Ongoing Sexual Abuse Costs
For the year, the total cost of sexual abuse settlements  was $1.73 million, plus there were costs incurred related to abuse prevention, outreach and other costs  of $3.07 million, for a total expenditure of $4.8 million during fiscal year 2015. When will this end?

1/3 of Parishes are In the Red
The 2016 Central Ministries Budget Plan informs us that 1/3 of all parishes are running an annual deficit. “Currently, about one-third of parishes are not self-sustaining with some requiring financial subsidy, either directly of indirectly, by the Archdiocese.”

Other than the above issues, the fiscal health of the Boston Archdiocese is just great! . The Boston Archdiocese is contemplating the idea of launching a major capital campaign to raise hundreds of millions of dollars (rumors have it targeted at anywhere from $100M to more than $300M), and it would surely take that amount of money to repay debt and unfunded liabilities, let alone provide for other long-term needs. Meanwhile, we hear many stories about struggles with the Disciples in Mission initiative (DIM), but that is a topic for another post…

22 Responses to Boston Archdiocese Income Declined $20M in Fiscal 2015; Lost $5M

  1. Joyful Noise says:

    Thanks for all this work, BCI. QUESTION: Where would the RCAB be without all the sales of parish property? Is that the sale revenue they mention in this report or is that revenue just RCAB and not parish?

    In other words, where will they be once they have sold off all the Holy Trinity’s and Mt, Carmel’s and St James and St Catherine and soon Our Lady of Victories etc?

    • Jack Davenport says:

      And what is your suggestion for asset disposal/repurposing? 280 parishes sound like the right number to you?

      • Joyful Noise says:

        Your response is unresponsive. I really was asking if the revenue from sale of parish property is entered and where? I really was interested in numbers if no sale proceeds were entered.

        I don’t know how to respond to “right number” of parishes. What does that even mean? I am horrified to think that there is even a “right number.” Is that controlled by Canon Law?
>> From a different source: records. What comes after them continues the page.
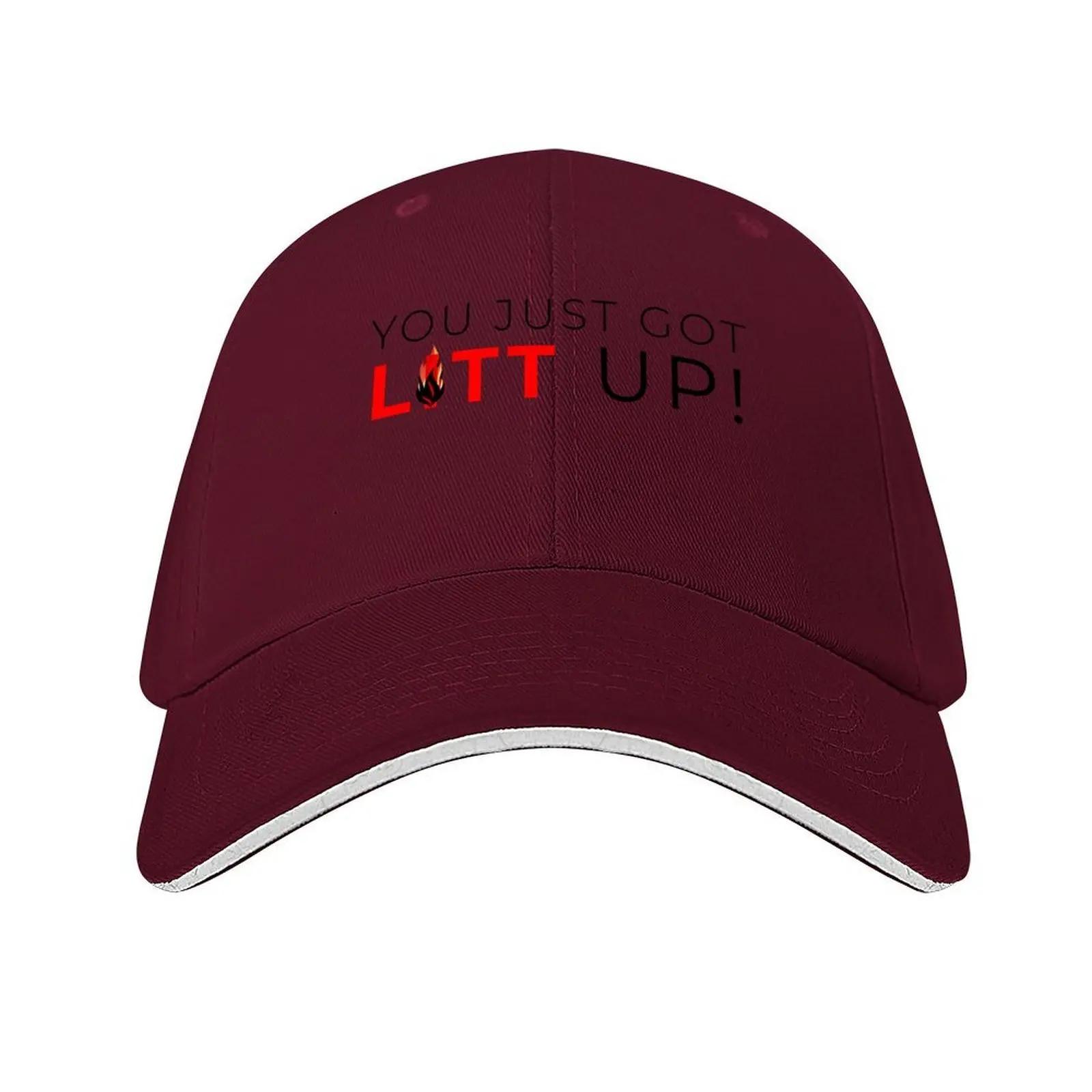 YOU JUST GOT LITT UP Sticker Louis Litt Baseball Cap F luxury caps custom caps Beach Outing Womens Hats Unisexs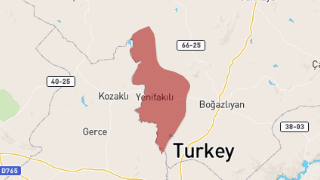 Yenifakılı Belediyesi, Yozgat Harita Thumbnail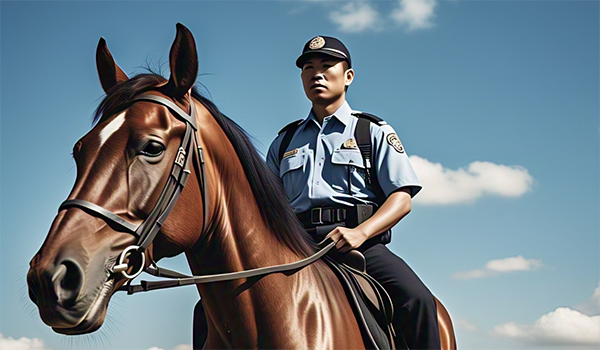 Horse Patrol for Large Areas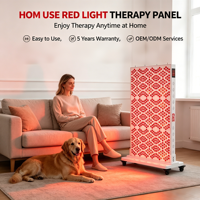 GLPE Fabrieks Prijs 7 Golflengten Rood Licht Therapie Paneel 1080W Volledig Lichaam Infrarood Licht Apparaat ODM OEM Leverancier Gym Kliniek Gebruik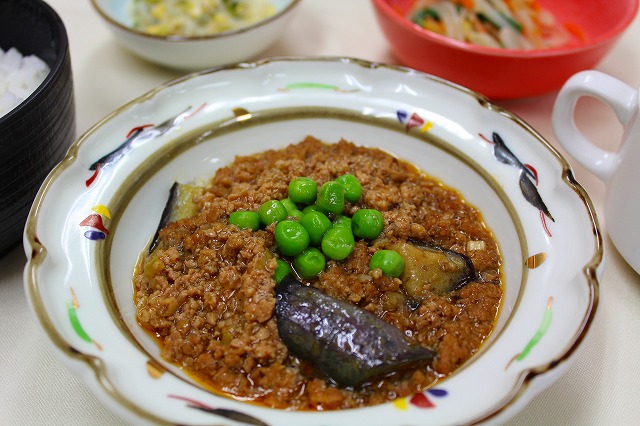 麻婆茄子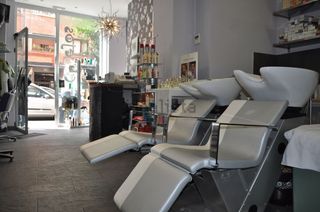 Lavacabezas de peluquería de diseño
    • Good question. In principle, the money from the sale of a parish is supposed to go to the welcoming parish, and not to Central Operations. However, if you look at the example of St Gabriel and Our Lady of the Presentation in Brighton, those properties were given to St Johns Seminary to pay off a loan that provided funds for sexual abuse settlements. So, it is not entirely certain that the policy on paper is what is happening in practice. We will try to find out more if we can. It would be good for any parishioners of recently closed/sold parishes to ask that question of their pastors.

  2. Joyful Noise says:

    It seems that there was an express ruling by the Vatican’s Congregation for Clergy issued in direct response to our RCAB and referenced in this article:

    What seems clear is that Canon Law 121 controls and assets and liabilities go to the receiving parish and not the Archdiocese.

  3. Jack Davenport says:

    122 and 123 are also in the conversation.

    Catholics love “the rules,” however narrowly applied or interpreted. This is the same thinking that creates 12 year+ “occupations” in Cohasset.

    You seem reluctant to entertain a dialogue about the “right number of parishes.” Horrified by the topic it would appear. That’s a new turn on the ostrich in the sand approach to management but in combination with anonymous blog posts it seems to suffice for you. The rest of us can do the heavy lifting.

    • Jack, You are putting words in our mouth and opining with zero basis by suggesting we are “horrified” by a topic and hypothetical question you tossed out. Did it occur to you that we simply did not have the time to respond?


    • Joyful Noise says:

      Sorry, I was at a meeting and could not respond. I had a legitimate question about the financial report. I don’t have a financial background and had a question as to whether or not the sale of parish property was included as revenue to RCAB. Just a question. As far as “right number” of parishes, the choice of words does horrify me. What does “right” even mean? Is there a wrong number? Is that a canonical term or was it just a poorly chosen term?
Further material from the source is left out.